А между тем события в Дарданеллах приняли такой оборот, что вопрос об участии в них Греции снова приобретал для Англии усиленное значение.
9. Неудача у Дарданелл 18/5 марта. Возобновление переговоров с Грецией
После ряда, казалось, многообещавших бомбардировок внешних, а затем и внутренних фортов — первые относятся к периоду времени от 25/12 февраля до 2 марта ⁄ 17 февраля, вторые — ко времени от 2 марта /17 февраля до 12 марта ⁄ 27 февраля — силами союзного англо-французского флота Китченер наконец (уже после отставки Венизелоса) согласился во время заседания Военного совета от 10 марта отправить 29-ю дивизию и другие войска для поддержки операции и принял 12 марта под свое начальство также и морской дивизион, а стало быть, и общую ответственность за сухопутные операции, непосредственное руководство которыми вручалось генералу Гамильтону[103]. Вслед за тем 18/5 марта состоялась долгожданная попытка форсировать линию внутренних фортов силами флота и кончилась неудачей при довольно тяжелых для флота потерях.
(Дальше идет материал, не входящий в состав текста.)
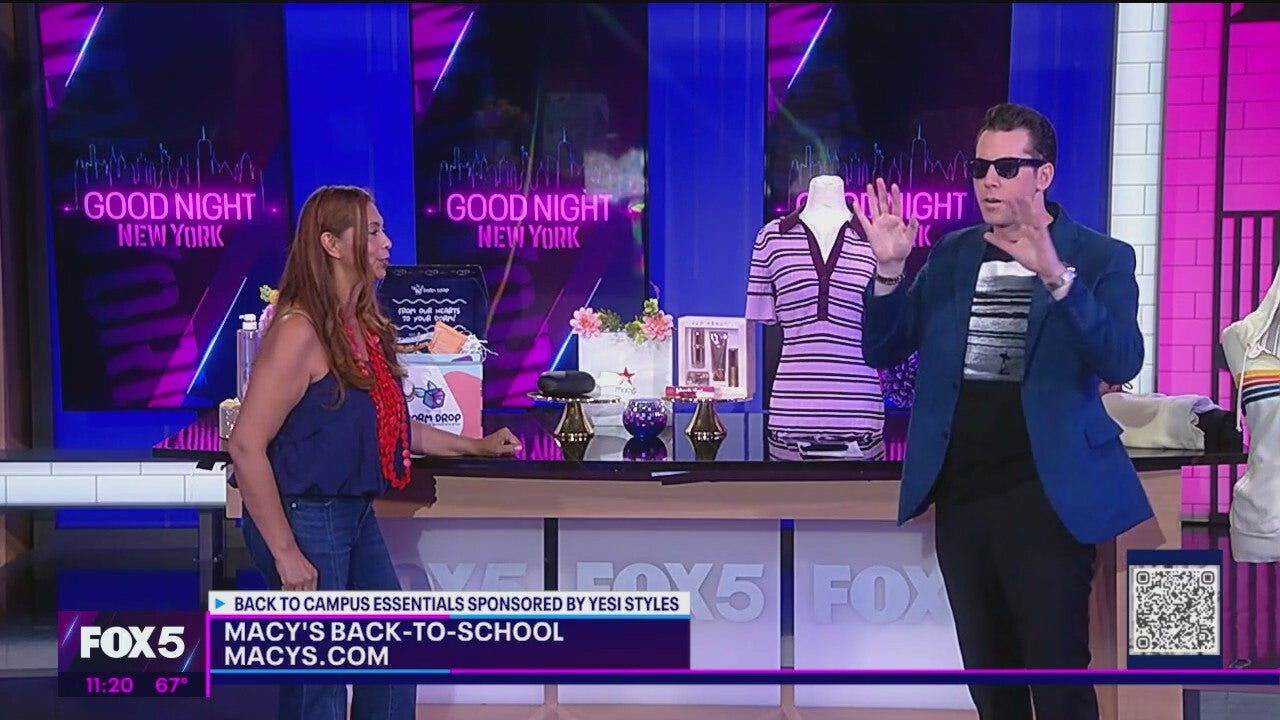 Yesi Style | Back to Campus Essentials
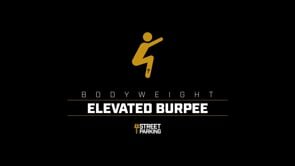 Elevated Burpee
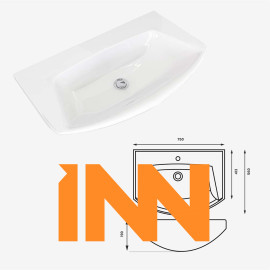 INNOVA VITRIFIED SINK – CERAMIC HAND WASHING SINK INNOVA VITRIFIED SINK – CERAMIC HAND WASHING SINK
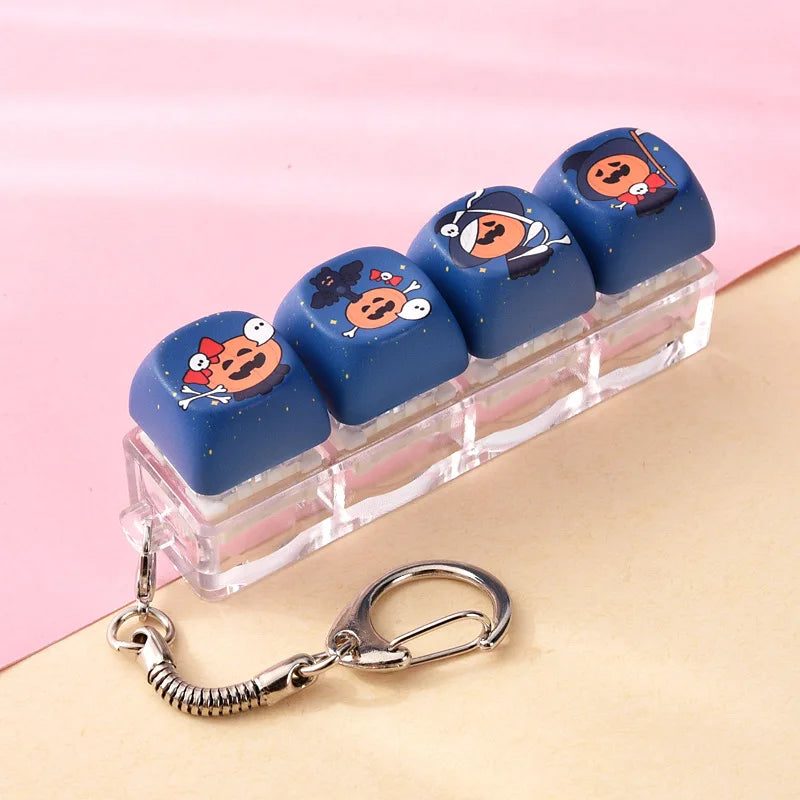 Halloween Fidget Keyboard Keychain 8 S99e2f53ce72241c0913a0626046b195fj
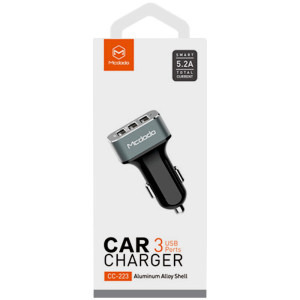 Mcdodo 3x USB, Grey
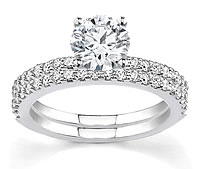  platinum diamond wedding rings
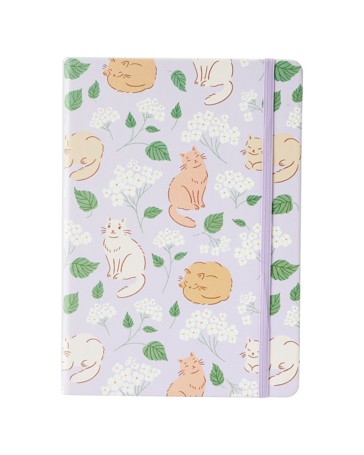 Anko A5 Cat Journal 80GSM 192 Pages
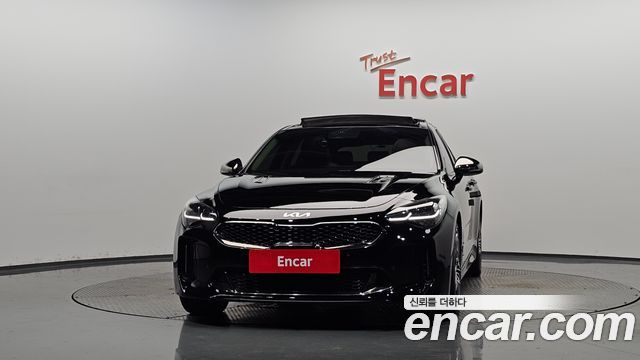 Kia Stinger из Кореи Encar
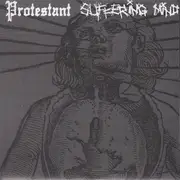 7inch Vinyl Single - Protestant / Suffering Mind - Protestant / Suffering Mind - 6' orange transparent pressing + download code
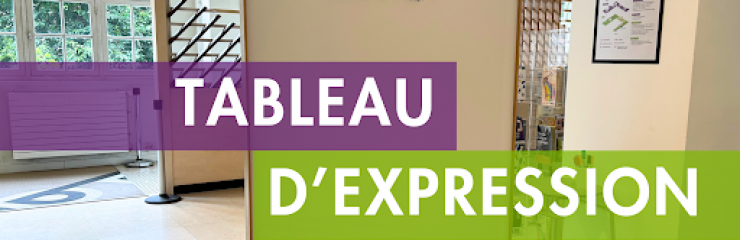 Nouveauté : mur d'expression dans le hall - BSB 2024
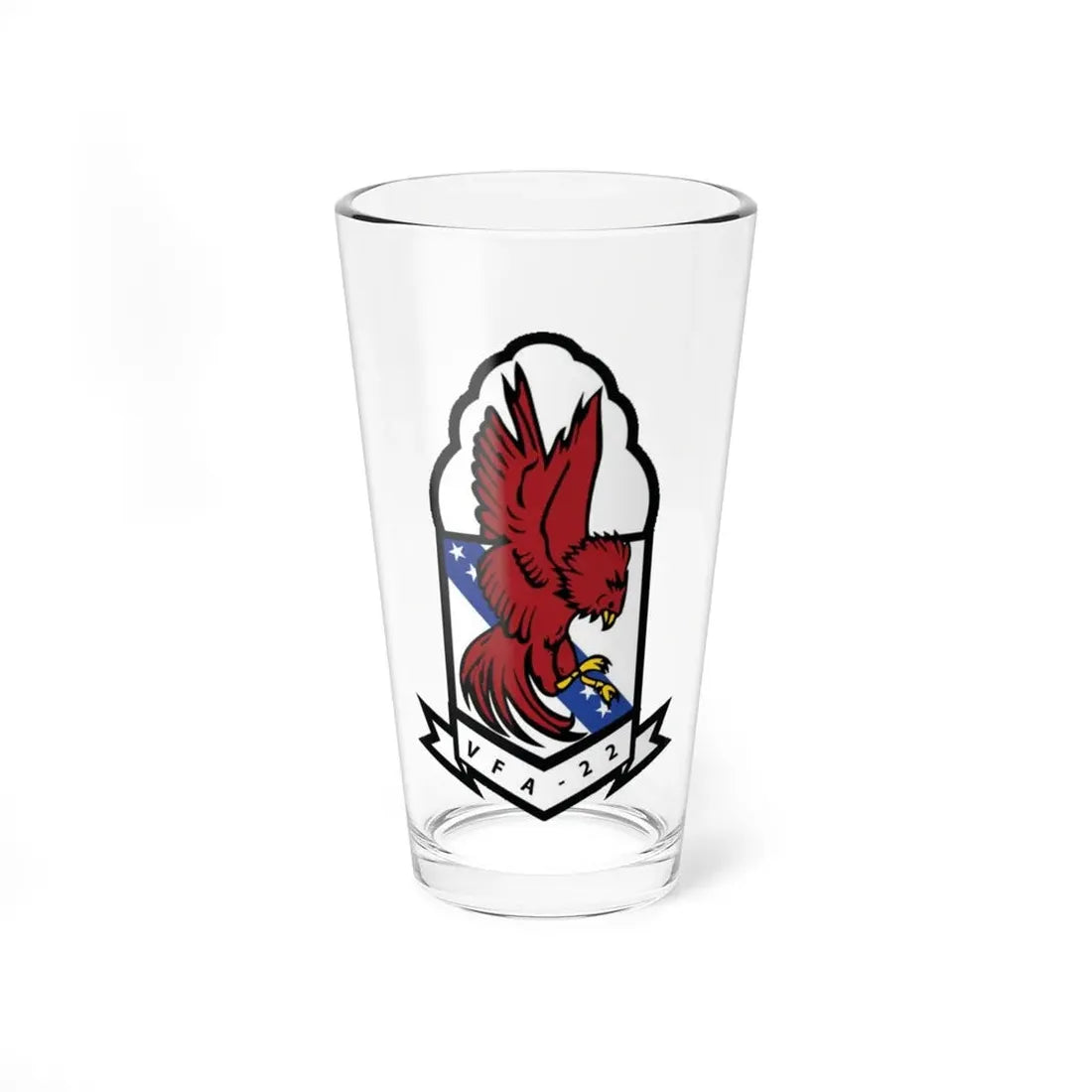 VFA 22 (U.S. Navy) Pint Glass 16oz 16oz - Go Mug Yourself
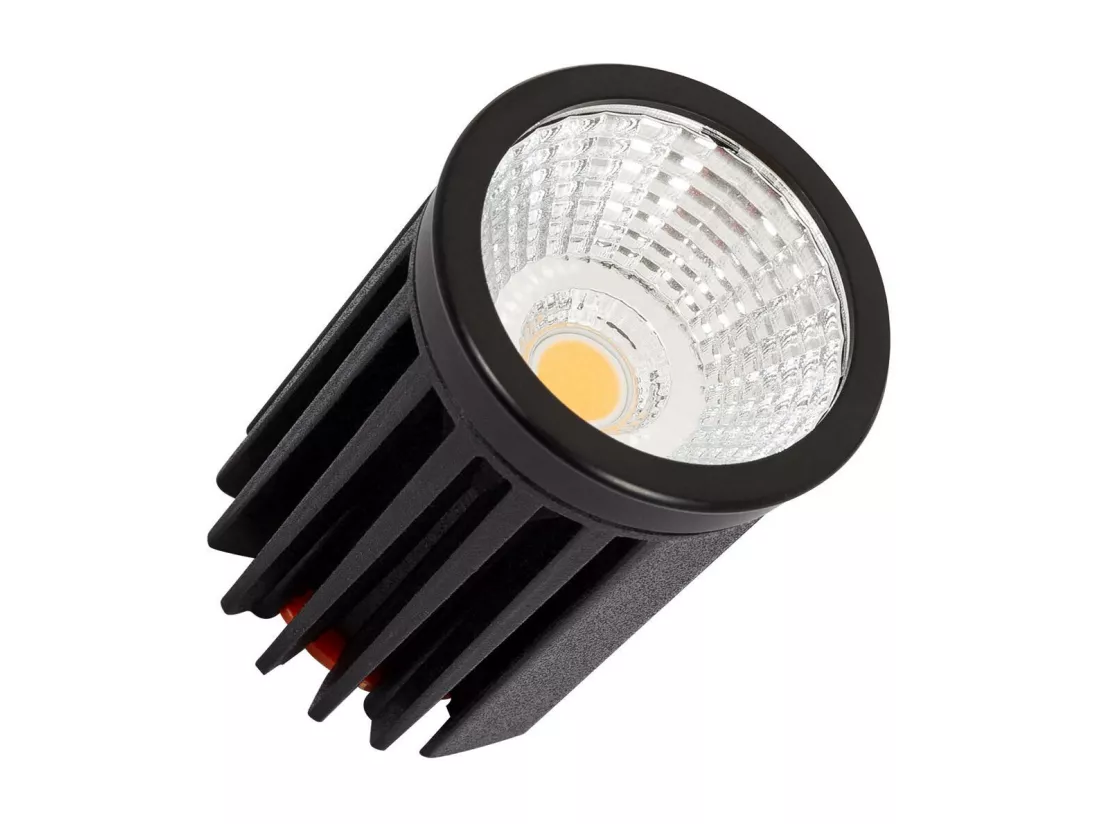 Module LED 10W No Flicker pour Collerette Downlight M16/GU10 3000K 38º Blanc chaud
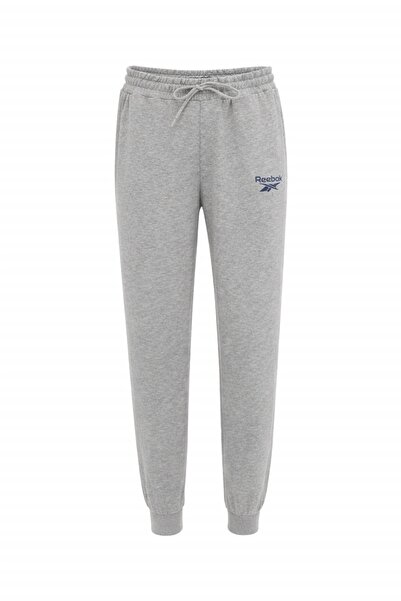 Reebok ID II JOGGER Gri Erkek Eşofman Altı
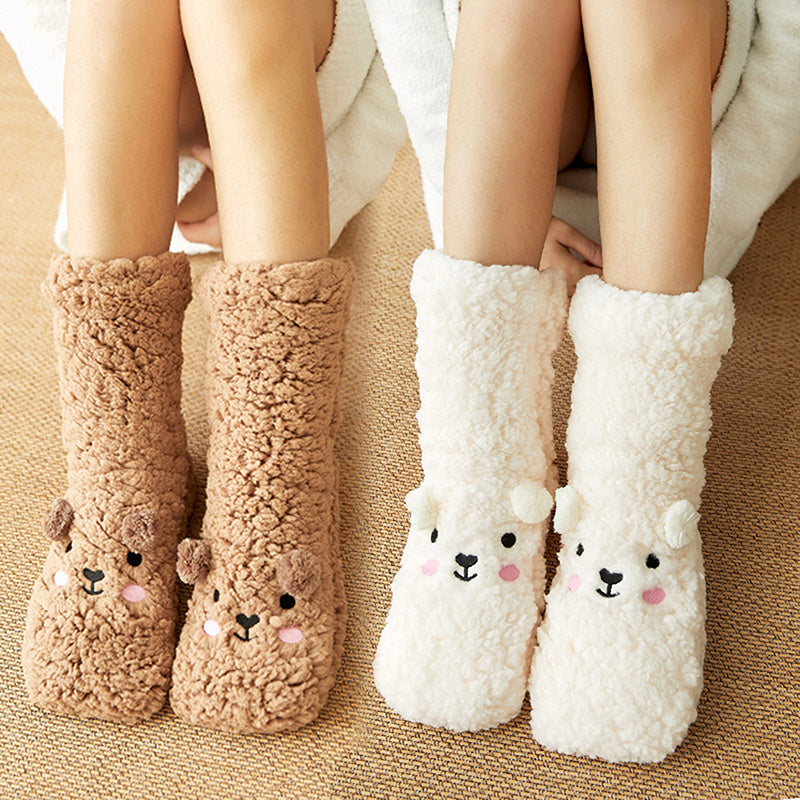FemiCozy Velvet Socks
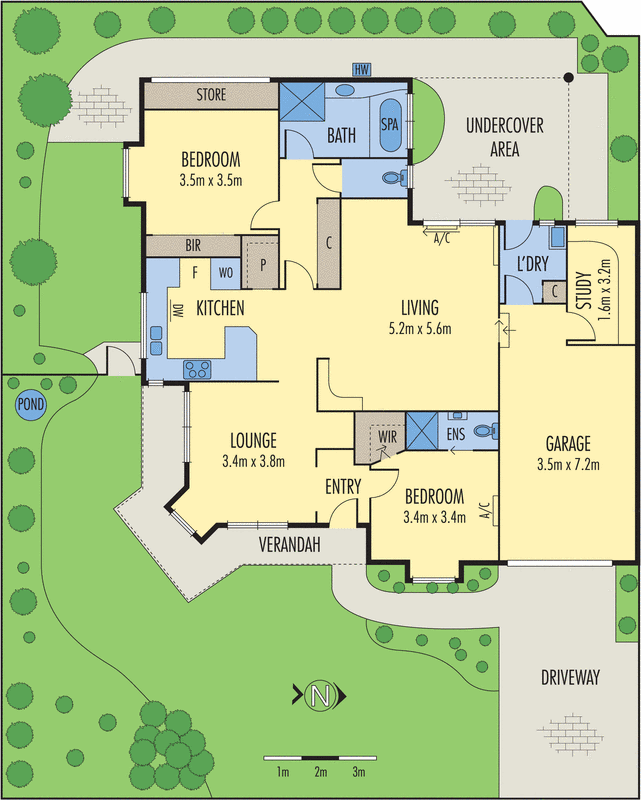 2/100 Mt Pleasant Road, Belmont VIC 3216 - Floorplan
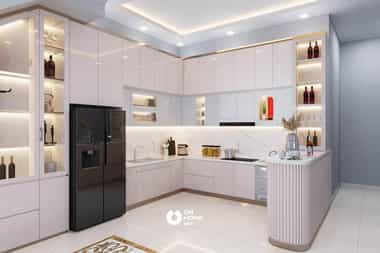 Tủ bếp thông minh cao cấp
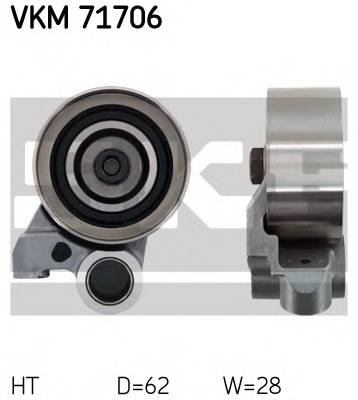 SKF VKM 71706 купити в Україні за вигідними цінами від компанії ULC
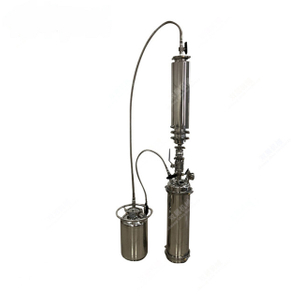 Stainless Steel LB Top Fill Closed Loop Extractors with Solvent Tank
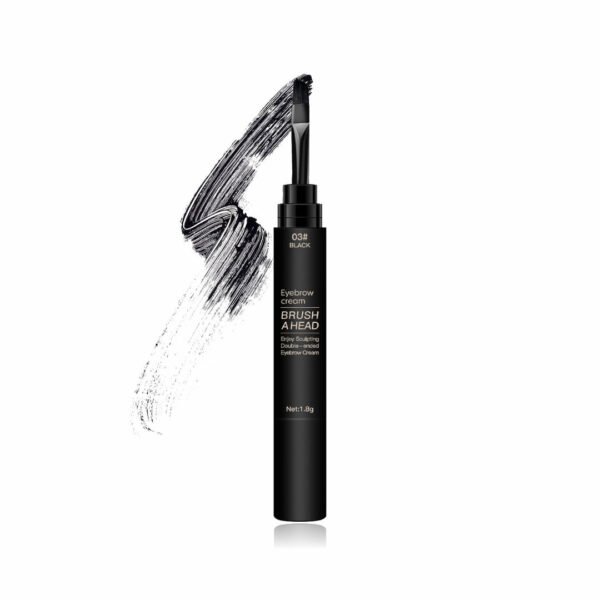Maliao Double-Ended Eyebrow Cream Brush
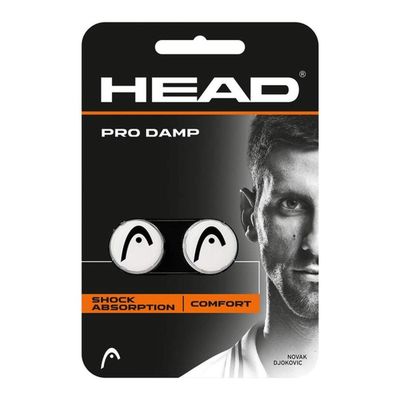 Antivibrador Tenis Head Pro Damp Blanco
После этого операции были фактически приостановлены до 25/12 апреля, когда совершилась, при очень тяжелых потерях и с недостаточными силами, высадка английских войск на южной и юго-западной оконечности Галлиполийского полуострова, не давшая серьезных результатов и скоро приведшая и здесь к переходу противников к позиционной войне[104].
99
См. перехваченную шифрованную телеграмму японского посла в Петрограде Мотоно от 19/6 марта о том, что японскому посольству в Риме стало известно о беседе Гунариса с секретарем японской миссии в Афинах, в которой Гунарис заявил, «что Англия и Франция дали свое согласие на то, чтобы Константинополь принадлежал России, и что Греция не может допустить этого».
100
Европейские державы и Греция. № III. С. 6. См. также телеграмму Демидова от 19/6 марта о его разговоре со Стрейтом, назначенным греческим посланником в Константинополь, в котором Стрейт снова «признался», что «предложение интернационализации (Константинополя) встретило бы сочувствие в Греции».
102
В конце концов и при обстановке, изменившейся вследствие русских поражений на австро-германском фронте, «жители островов Имброс и Тенедос, считаемых ими неразрывной частью королевства, избрали депутатов в греческий парламент» (см. телеграмму Демидова Сазонову от 18/5 июня 1915 г.).